Le parti de la nouvelle Superlega compte un nouveau membre: il est néerlandais, il est parlementaire européen, son nom est Taine Manders et hier il a rencontré Bernd Reichart, le PDG de l'A22, l'agence qui pourrait organiser une nouvelle compétition en Europe dans le avenir. «Je suis contre un championnat fermé pour les riches, mais j'encourage un championnat d'Europe ouvert: une grande rencontre avec Bernd Reichart. Les clubs de l'UE doivent jouer dans leurs compétitions nationales le week-end; En milieu de semaine, les quarts de la Ligue européenne. Économions le football européen et construisons l'identité de l'Union européenne! . Il a posté le politicien hier. Et derrière les 280 caractères du tweet, il y a une référence claire au changement de format de la Superlega, qui offre aujourd'hui une formule ouverte avec des relégations et des promotions. Comme Reichart lui-même a réitéré au journal sportif catalan: L'intention est de créer une compétition très attrayante à tous égards, même économiquement. Nous voulons une amélioration des compétitions européennes au cours de la semaine qui sont complémentaires aux championnats nationaux qui joueront le week-end. Nous devons attendre la décision au Luxembourg, puis les choses commenceront à se définir ».

Le travail de Lobby de Reichart se poursuit avec un succès assez, avec la stratégie de comparaison, il est en train de tisser un réseau d'information, pas nécessairement de consensus, pour dessiner une nouvelle image sur le projet Superlega, démanteler les endroits communs qui l'accompagnaient au cours de la dernière année et demie .

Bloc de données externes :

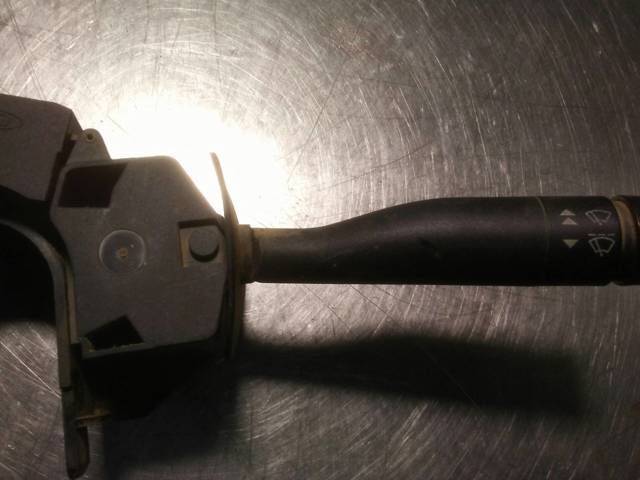 Przekaźnik kierunkowskazów ВАЗ 2107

Ce n'est pas une coïncidence, en fait, que les interviews de Reichart incluent les politiciens de Bruxelles: jusqu'à il y a quelque temps, la politique européenne semblait être contre le projet, soutenant l'UEFA. Un seul parlementaire ne suffit pas pour changer l'orientation, mais il est significatif que le nouveau concept de tournoi passe également dans cet environnement et l'idée qui naîtra d'une comparaison avec toutes les parties appelées pour exprimer leur opinion.

Tout, tandis que les affaires concernant la gestion du football européen par l'UEFA sont ajoutées à la Cour de justice européenne. L'audience qui concernait les listes, placées par l'Anverse, a eu lieu mardi. Essentiellement, le club belge souligne que l'obligation, imposée par le règlement de l'UEFA, d'insérer au moins 8 joueurs formés au niveau local, de facto, une limitation à la libre circulation des travailleurs et violent l'équité, car un petit pays il est aura un bassin inférieur qu'un pays plus peuplé.

Cet été, c'était le Swift Hesperance, une entreprise luxembourgeois, de trouver une limite à l'entreprise dans les règles de l'UEFA qui interdisent la création d'un championnat transnational à Benelux, qui bénéficierait des clubs, élargissant le public télévisé et commercial.